The first aviator to receive the honor was Charles Hammann, says Laura S. Jowdy, an archivist with the Congressional Medal of Honor Society. On August 21, 1918, Hamman, flying a Macchi M.5, took part in a patrol with three other seaplanes near Pola, Austria. The Navy patrol was attacked, and Ensign George M. Ludlow was shot down. Hammann’s citation notes that he “immediately dived down and landed on the water close alongside the disabled machine, where he took Ludlow on board. Although his machine was not designed for the double load to which it was subjected, and although there was danger of attack by Austrian planes, he made his way to Porto Corsini.”  Hammann was killed while on active duty less than a year later. 

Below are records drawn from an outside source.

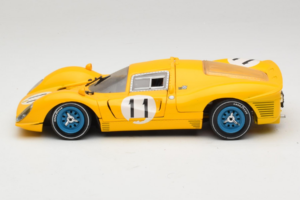Ferrari 330 P4 #11 Gelb Spa-Francorchamps 1967 Eagles Race 1:18 38007-Y1 Metall — Bild 4 von 8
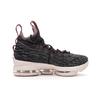 Nike Lebron 15 Pride Of Ohio Black Mid top Basketball Shoes Black Red Unisex 922811-003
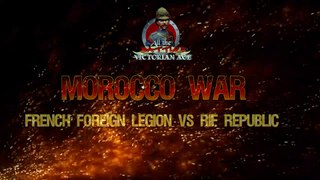 MOROCCO WAR - Bedouins  attack a legion camp ( March or die )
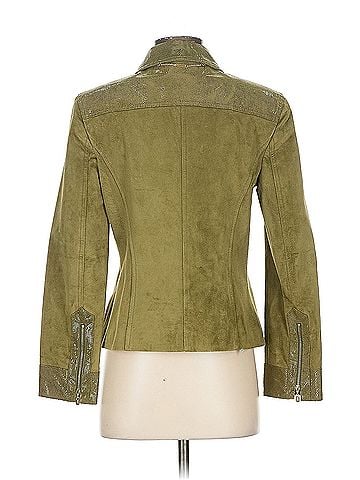 St. John Sport St. John Sport Leather Jacket (view 2)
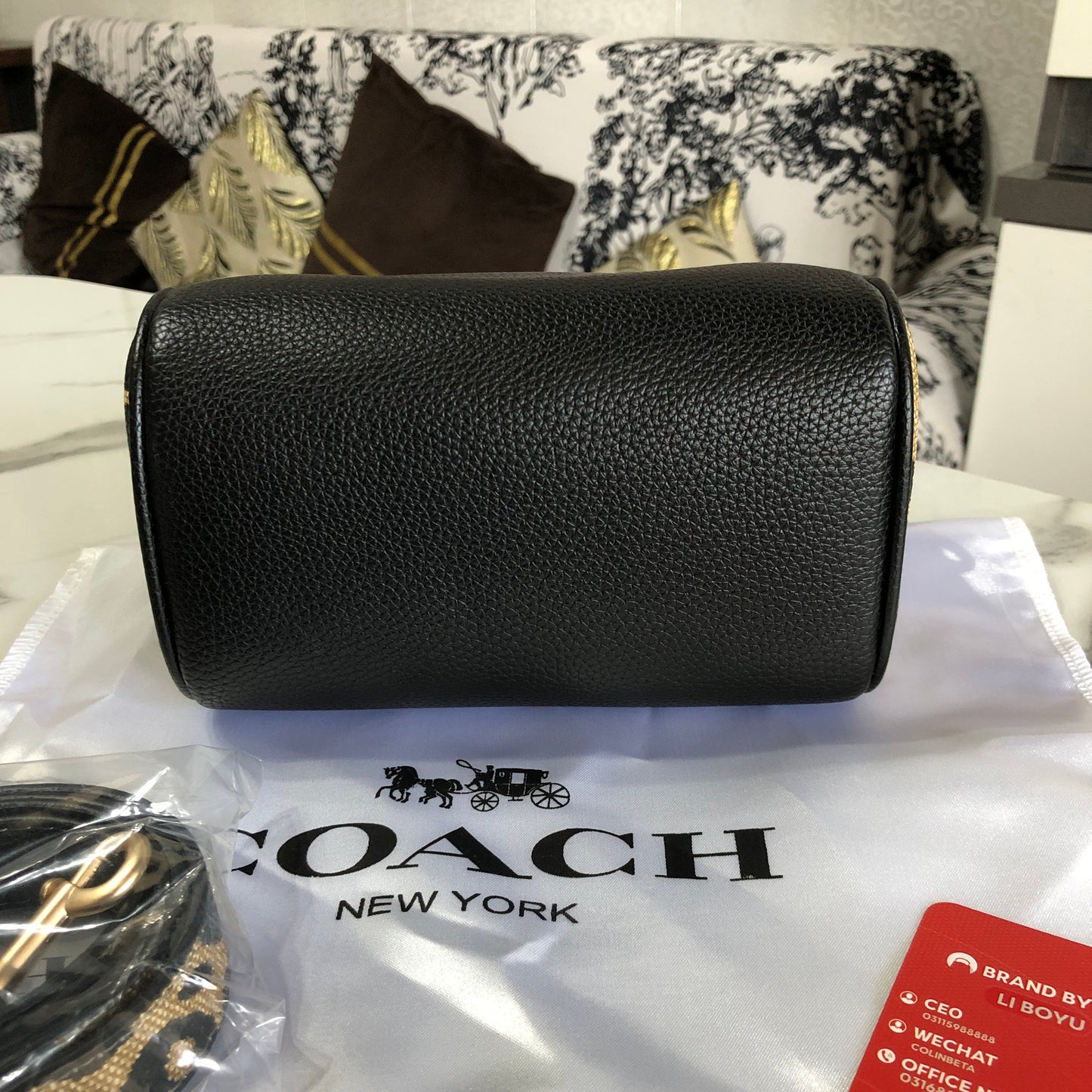 Coach Mini Rowan Crossbody Bag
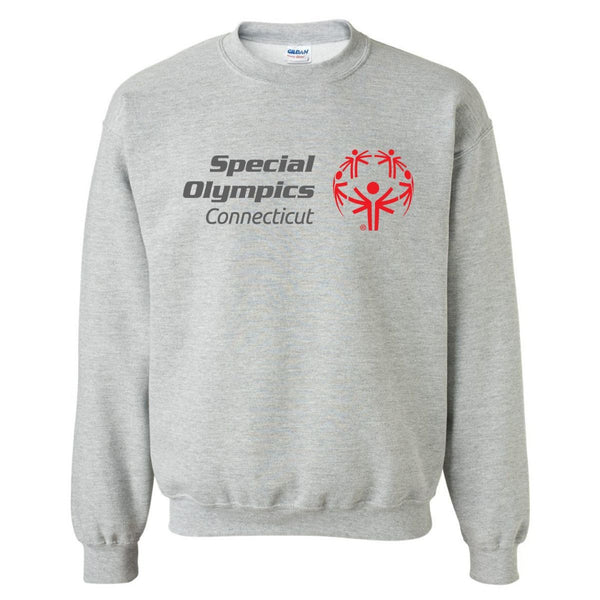 Special Olympics CT Primary Logo Crewneck Sweatshirt Product View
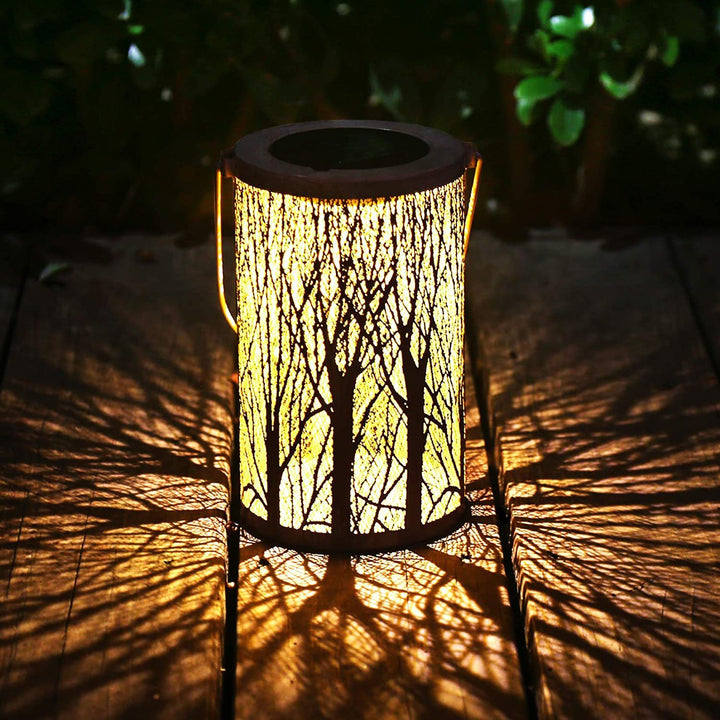 Metal Tree Of Life Projection Lantern Bowlift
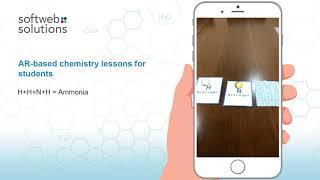 Augmented Reality based chemistry lessons for students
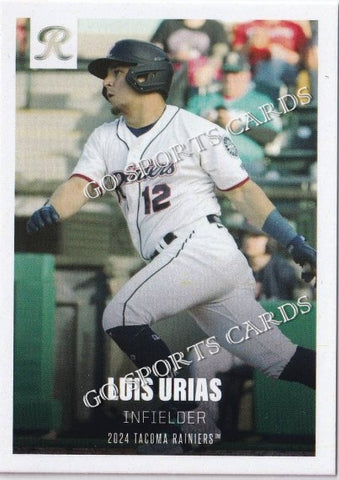 2024 Tacoma Rainiers Luis Urias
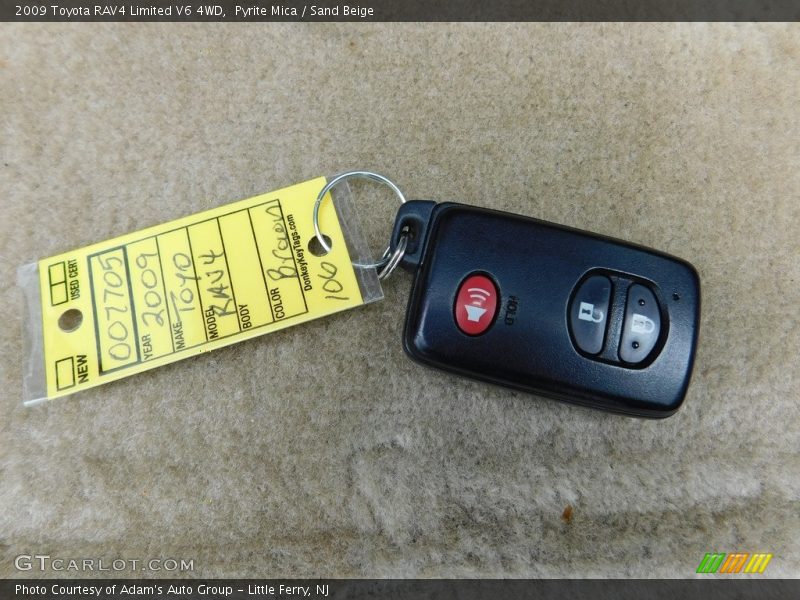 Pyrite Mica / Sand Beige 2009 Toyota RAV4 Limited V6 4WD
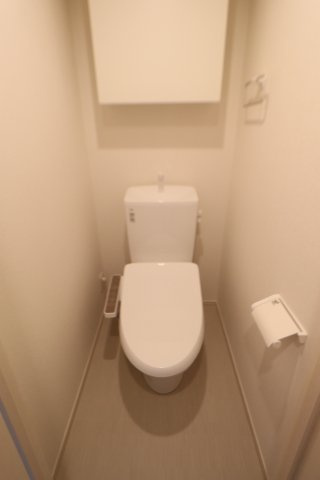 ヴィラ立場のトイレ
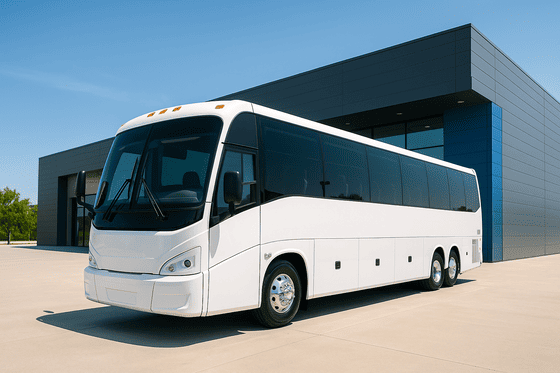Cupertino Bus Rental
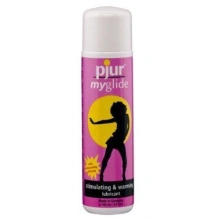 Stymulujący Lubrykant Wodny Dla Kobiet Pjur Myglide 100 Ml Pjur 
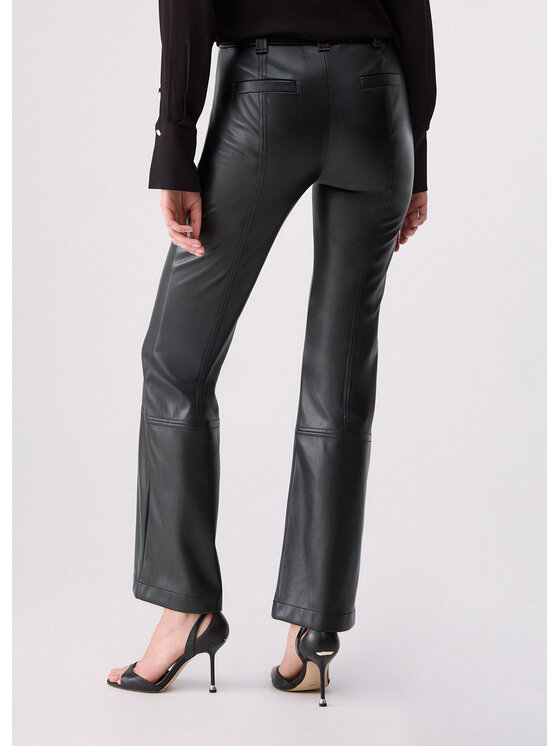Liu Jo Liu Jo Pantaloni di tessuto CF6280E062422222 Nero Regular Fit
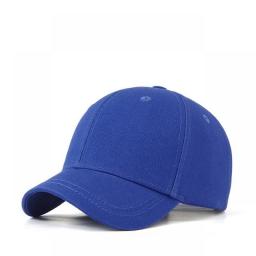2023 Spring And Summer 5cm Short Peak Cycling Sport Cap Ladies Cotton Snapback Hat Big Head Man Baseball Caps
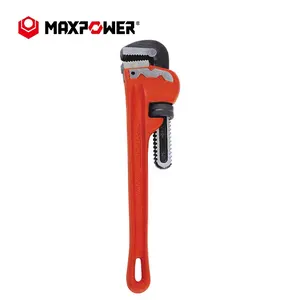 Maxpower – pince de pompe à eau réglable STILSON, gros plombier robuste, clé de tuyau singe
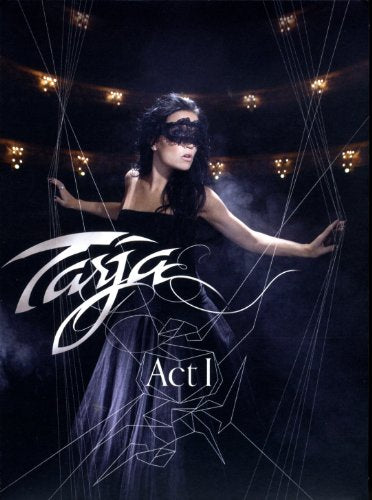 Woman in a mask with strings, DVD cover for “Act I”.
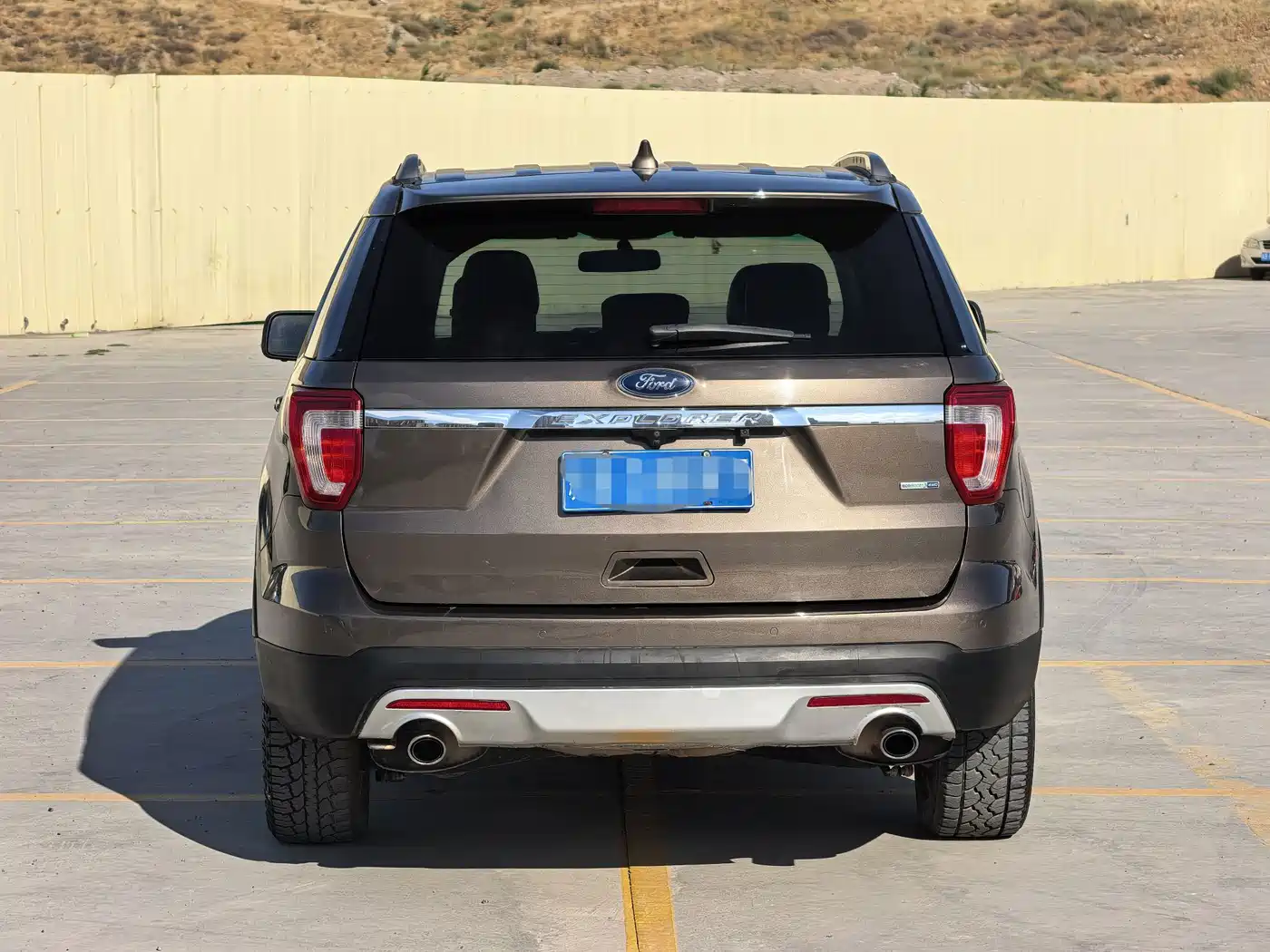 Ford Explorer (Import) 2016 2016 2.3T Trend Edition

The stories of some recipients are collected in The Medal of Honor: A History of Service Above and Beyond, by the editors of Boston Publishing Company (Zenith Press, 2014). Here’s one of many stories that caught our attention: Michael J. Novosel, who served as a B-29 pilot during World War II, returned to active duty during the Korean War, and, in 1963, asked to be sent to Vietnam. After being told he was too old for the Air Force at 42, Novosel enlisted in the Army as a warrant officer. “Neither age nor size (he barely met the five-foot, four-inch minimum height for pilots) deterred him: ‘Given enough cushions,’ he joked, ‘I could fly anything.’ ”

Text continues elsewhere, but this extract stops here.